In a nonprecedential decision, the Third Circuit Court of Appeals dismissed a case alleging that American Airlines failed to protect Melissa Chinery from harassment that occurred on Facebook.

Chinery was a flight attendant for American who sought to become president of her Union’s local chapter. She claimed that a group of her fellow American attendants harassed her on Facebook, including through a group entitled “Wingnuts.” American had no relationship with the group on Facebook. The challenged postings included an image of a broken record, a reference to the election as “war” and threats to her about being “f**ked with,” mocking of her speech, referring to her as a “c*nt” and harsh comments about her physical appearance. Chinery complained about the posts to American and an investigation was conducted. In the investigation, her claims were found meritless. Chinery believed her concerns were not appropriately addressed and that the company could have enforced its social media policy against the posters. She sued for disparate treatment, hostile work environment, and retaliation under Title VII.

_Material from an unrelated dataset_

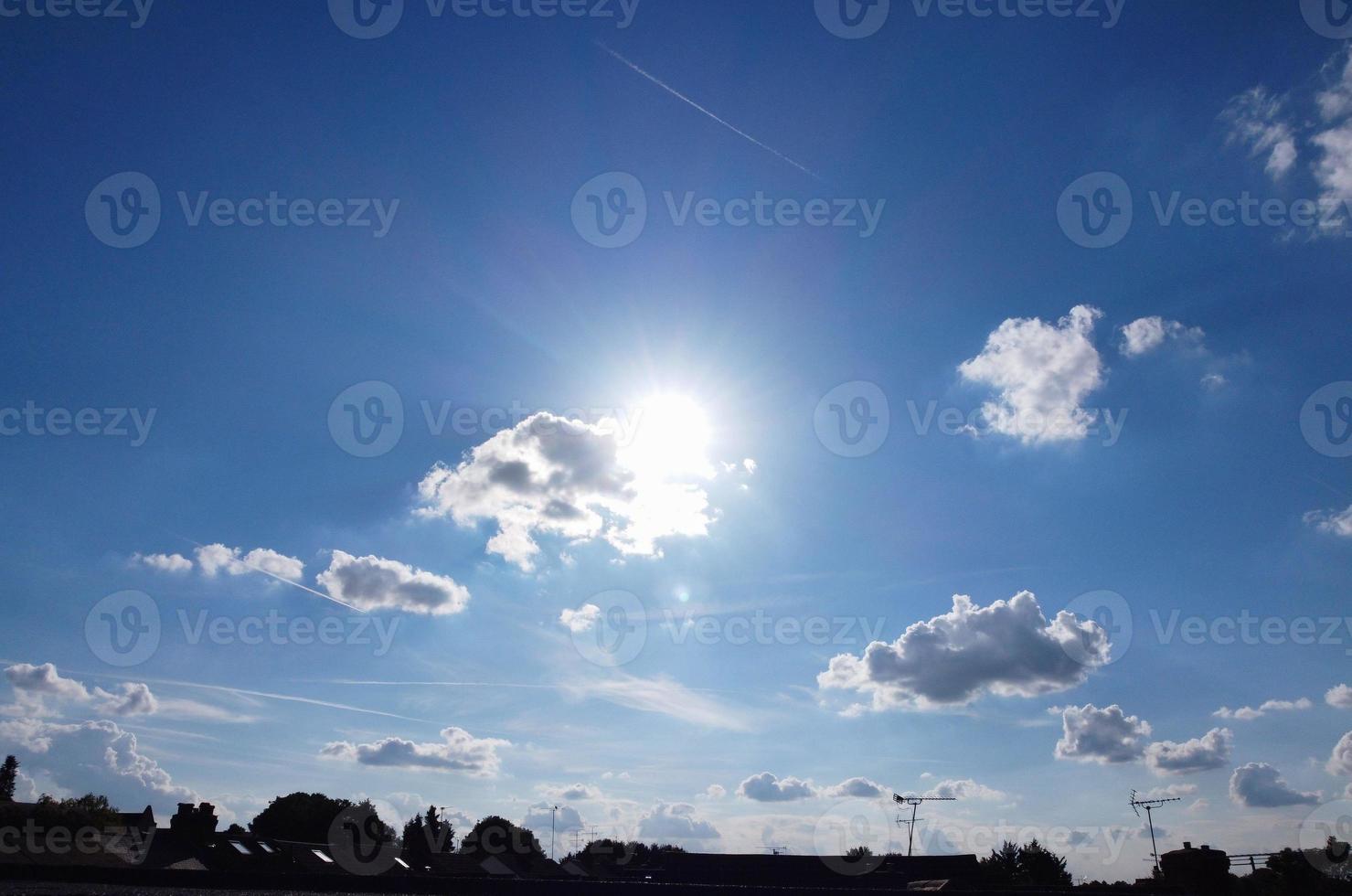 la vista aérea más hermosa de nubes dramáticas foto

The Third Circuit Court of Appeals found that the conduct alleged did not meet the standard for harassment. Harassment must be sufficiently severe or pervasive to alter the conditions of the plaintiff’s employment and create a hostile work environment. In this instance, the conduct was found not to be severe or pervasive. Chinery argued that it was “inherently pervasive” because social media posts are “public and endure.” The Court did not find any support for the idea that permanence alone is sufficient. Additionally, although the posts were offensive, they were only “offhand comments and isolated incidents” which were not enough to objectively change the terms and conditions of her employment. American’s purported inadequate investigation and failure to enforce its social media policy also did not constitute severe or pervasive conduct.